He doesn’t think vegetables and healthy meals are strange foreign foods to wage war over, either.  He pushes back from time to time, LIKE KIDS DO, but ultimately he eats what I prepare, even if it’s just a few bites.

I have a few theories as to why I feel I’ve been successful in raising a kid who is accustomed to healthy food.


Seriously, folks.  If a kid is not used to seeing or being offered healthy foods, he is not going to one day pass on the chicken nuggets and request a salad.  From the moment I found out I was pregnant, got over the morning sickness, I ate a plethora of nutrient dense foods.  Amniotic fluid takes on the flavor of what pregnant moms eat, and children get used to those flavors.

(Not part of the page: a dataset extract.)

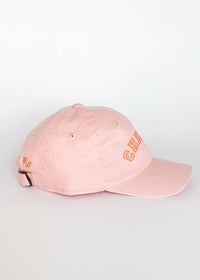 Toddler Chicago Arch Dad Hat - Pink & Orange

They then taste what you are eating through breastmilk if you’re nursing, and continue to develop their palate.  This may be one reason that formula-fed children wind up being more “picky” later, as they haven’t gotten a diverse assortment of flavors until solid foods begin. This all very much intertwines with my second theory as to how my child doesn’t quizzically look at vegetables…


You may have heard of this.  If you haven’t, pay attention.  This is the method of not making purees for your kids. Instead, you offer easy to grab and chew versions of grown-up foods.  In the BLW protocol, you wait until your child shows an interest in adult food.  They try to grab it, and salivate or start imitating your chewing motions.  This is generally around 6 months, and BLW does not recommend starting earlier.  I tend to agree, and breast-fed exclusively for 6 months.  My son’s first food was lentil soup.
There were a few big takeaways for BLW that really clicked for me. One, was learning that the gag reflex in infants starts much closer to the tip of their tongue, and gradually moves back towards the throat as kids age.  This helps them learn how to manipulate food in their mouth, with less risk of actual choking.  In BLW, you don’t offer pureed everything, you offer chunks of real food.  This manipulation of food strengthens their mouth muscles, preparing them to learn how to chew.  If they gag, they aren’t actually choking, because the reflex helps them learn how to move the food up closer to the front of their mouth. So a child learns how to mash foods (softened through steaming or slow cooking, or naturally soft foods) with their gums, and swallow second.  With purees, learning how to chew is bypassed.  Straight to the swallowing. This means that true choking is a greater risk when children are typically offered solid foods around 12 months, and the gag reflex has moved further back.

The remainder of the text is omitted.